** INSTRUCTIONS FOR THE TASK **
Wherever an image appears in the entries, drop it and reproduce everything else exactly.

** EXERCISE INPUT **
········

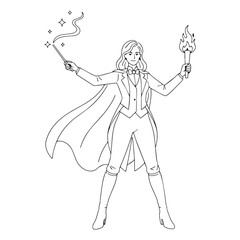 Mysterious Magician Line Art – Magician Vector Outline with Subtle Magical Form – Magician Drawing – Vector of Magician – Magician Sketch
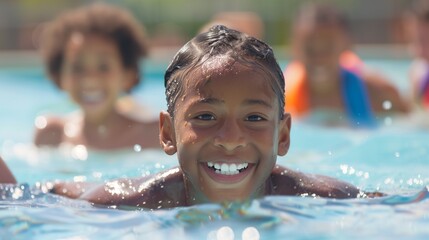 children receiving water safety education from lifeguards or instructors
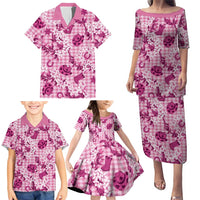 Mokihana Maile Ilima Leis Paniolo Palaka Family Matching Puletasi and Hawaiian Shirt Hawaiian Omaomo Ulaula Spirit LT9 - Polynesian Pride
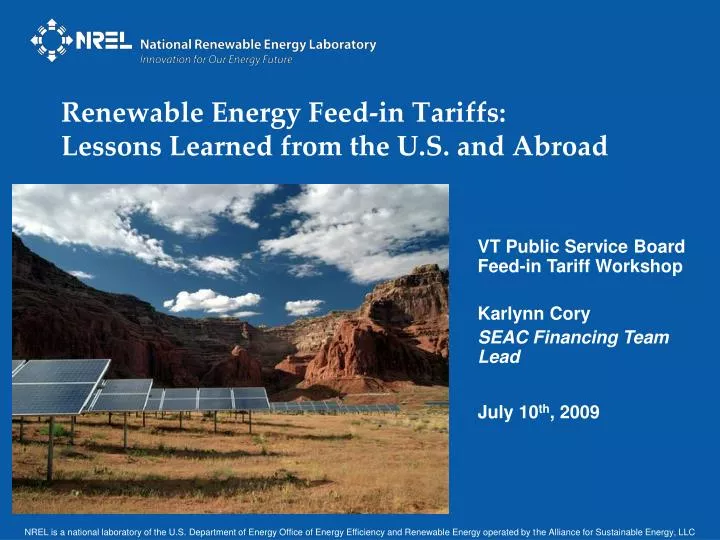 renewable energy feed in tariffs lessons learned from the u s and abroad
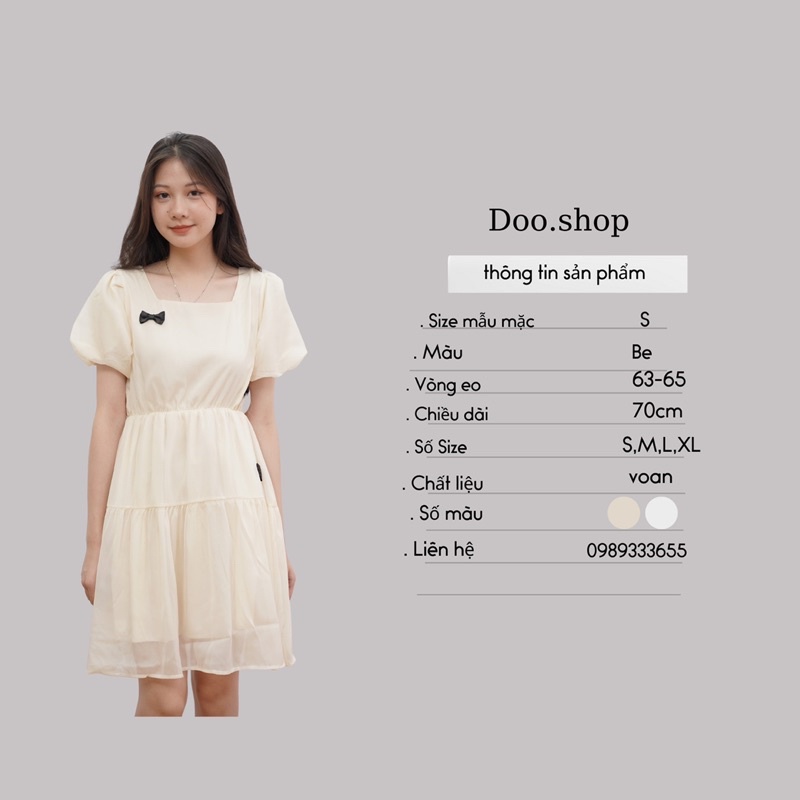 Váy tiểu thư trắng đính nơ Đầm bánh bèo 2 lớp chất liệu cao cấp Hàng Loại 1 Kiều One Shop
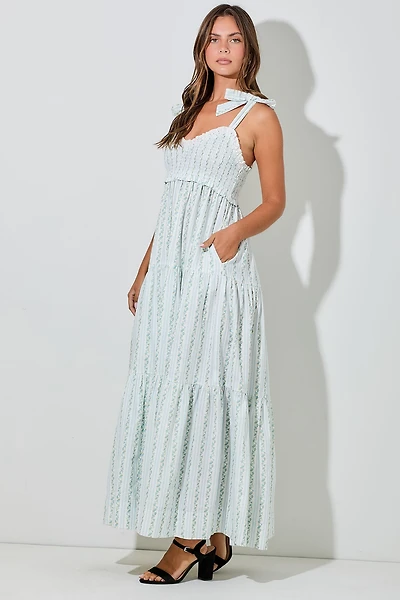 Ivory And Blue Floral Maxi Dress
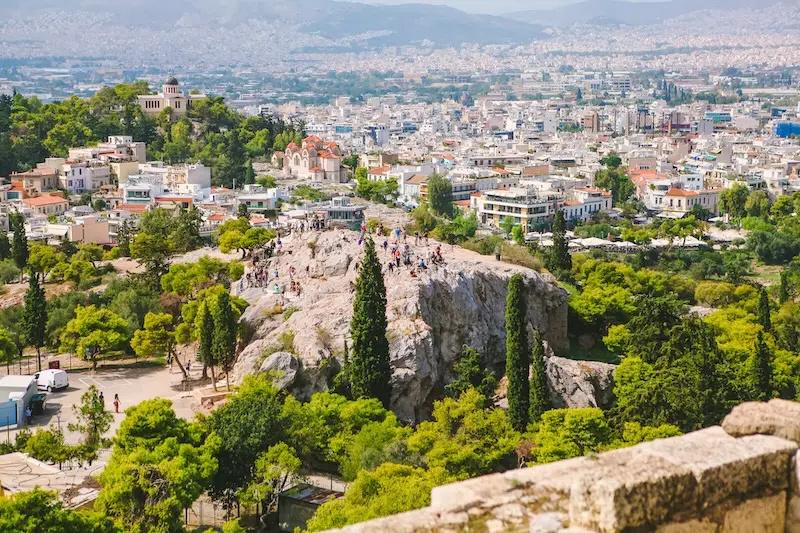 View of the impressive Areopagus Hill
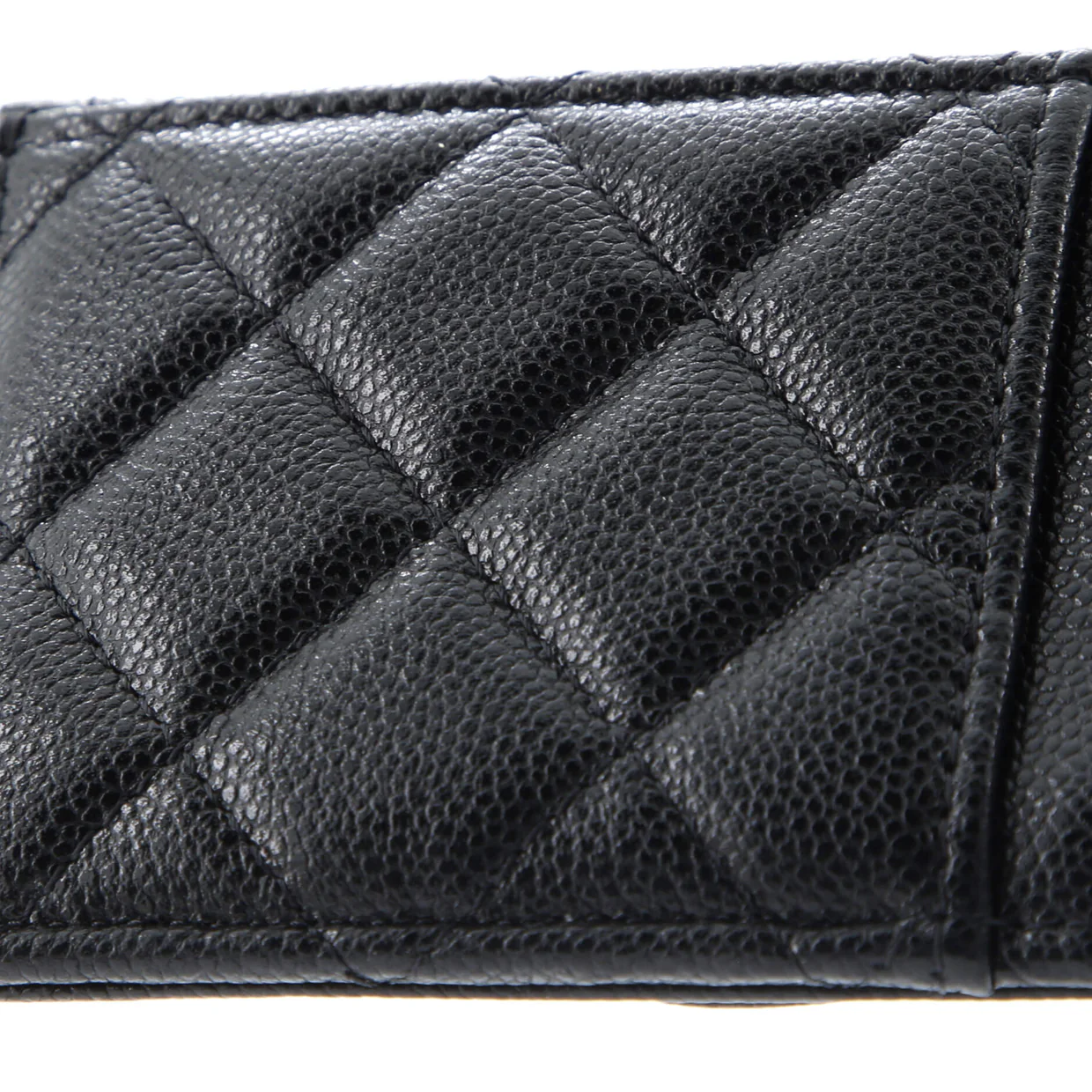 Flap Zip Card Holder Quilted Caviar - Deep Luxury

········

** RESPONSE AREA **
 Mysterious Magician Line Art – Magician Vector Outline with Subtle Magical Form – Magician Drawing – Vector of Magician – Magician Sketch
 children receiving water safety education from lifeguards or instructors
 Mokihana Maile Ilima Leis Paniolo Palaka Family Matching Puletasi and Hawaiian Shirt Hawaiian Omaomo Ulaula Spirit LT9 - Polynesian Pride
 renewable energy feed in tariffs lessons learned from the u s and abroad
 Váy tiểu thư trắng đính nơ Đầm bánh bèo 2 lớp chất liệu cao cấp Hàng Loại 1 Kiều One Shop
 Ivory And Blue Floral Maxi Dress
 View of the impressive Areopagus Hill
 Flap Zip Card Holder Quilted Caviar - Deep Luxury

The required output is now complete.